How the Menace Happened...
By Gavin Atkin
One Saturday last autumn, several circumstances
came together and gave me an idea. My daughter Ella was due to
attend a party. There were a couple of sheets of ply, some glue,
and some galvanised nails in the garage waiting for a good idea
to happen to them. I was curious about the performance of the
simplified flat-bottomed Mouse variant known as the Skinny Mini
first developed by David Colpitts.
The idea, naturally, was to get Ewan to build a Skinny Mini.
It would be his first boat building project but I thought that
his bright nine-year old mind would cope with marking out the
coordinates and could handle most of the rest of the building
process except for some of the gluing and painting. He's asthmatic,
as I am, and I'm concerned to avoid making his condition any worse
through exposing him to chemicals.
Anyway, as the pictures show, Ewan marked out his ply, cut it,
made up his frames and generally built his boat. Most of my help
consisted of directing operations, but I did drill holes for his
nails, and I later painted the boat wearing a respirator.
And yesterday, May 22nd, we finally launched the Menace at my
friend Jim's lake. It's not quite the boat that the standard Mouse
is, but it's a splashy, wet and fun little thing that is perfectly
good for a small lake as you will also see from photos of the
event, and pretty good for playing silly wet games with a football.

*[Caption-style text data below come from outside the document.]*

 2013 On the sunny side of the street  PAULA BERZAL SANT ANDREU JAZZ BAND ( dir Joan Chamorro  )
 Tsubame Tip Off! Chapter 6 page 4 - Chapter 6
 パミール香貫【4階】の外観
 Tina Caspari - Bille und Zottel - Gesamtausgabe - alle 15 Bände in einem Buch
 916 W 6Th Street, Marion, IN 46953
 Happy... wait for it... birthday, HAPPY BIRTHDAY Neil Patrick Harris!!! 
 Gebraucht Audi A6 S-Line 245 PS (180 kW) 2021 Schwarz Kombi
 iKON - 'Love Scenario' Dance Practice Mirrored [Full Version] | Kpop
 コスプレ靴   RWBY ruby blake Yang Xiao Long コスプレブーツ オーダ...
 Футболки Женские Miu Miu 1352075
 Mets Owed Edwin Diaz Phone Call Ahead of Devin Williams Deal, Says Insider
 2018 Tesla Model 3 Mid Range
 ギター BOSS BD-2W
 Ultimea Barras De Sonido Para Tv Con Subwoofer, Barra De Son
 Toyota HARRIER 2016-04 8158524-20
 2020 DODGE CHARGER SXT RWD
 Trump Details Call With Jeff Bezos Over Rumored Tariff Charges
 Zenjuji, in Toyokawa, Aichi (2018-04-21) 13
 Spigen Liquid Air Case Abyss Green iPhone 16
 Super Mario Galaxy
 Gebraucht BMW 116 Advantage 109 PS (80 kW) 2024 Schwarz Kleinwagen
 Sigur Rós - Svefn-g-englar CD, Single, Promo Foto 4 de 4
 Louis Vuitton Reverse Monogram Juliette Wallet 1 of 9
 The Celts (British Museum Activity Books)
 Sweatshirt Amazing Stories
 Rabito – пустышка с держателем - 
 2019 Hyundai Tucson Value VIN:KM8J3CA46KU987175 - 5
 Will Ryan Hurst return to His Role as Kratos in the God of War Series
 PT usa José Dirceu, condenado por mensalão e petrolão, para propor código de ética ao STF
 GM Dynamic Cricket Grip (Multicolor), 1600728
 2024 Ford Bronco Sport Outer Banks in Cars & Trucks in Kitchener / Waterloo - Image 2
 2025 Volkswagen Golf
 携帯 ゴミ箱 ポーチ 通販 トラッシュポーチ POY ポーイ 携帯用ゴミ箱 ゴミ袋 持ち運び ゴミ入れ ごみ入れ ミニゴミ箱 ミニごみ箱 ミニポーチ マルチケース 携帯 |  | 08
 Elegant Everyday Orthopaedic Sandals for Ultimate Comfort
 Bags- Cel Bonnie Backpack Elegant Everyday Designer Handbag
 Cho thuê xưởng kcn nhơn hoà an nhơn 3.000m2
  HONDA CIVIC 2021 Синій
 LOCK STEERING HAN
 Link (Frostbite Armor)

Speed-wise, the Menace when powered by a ten-year old with a double
paddle turned out in races to be pretty even matched with the
single-paddle 12ft open canoes we were also playing with that
day.
The last photo shows Ewan landing Menace as we have learned to
do: you point it at the beach, paddle as fast as you can, run
up the beach and step out over the bows without going near to
touching the water.
I think it might take six hours for the average adult to build
this little boat, and it only took a little more for Ewan.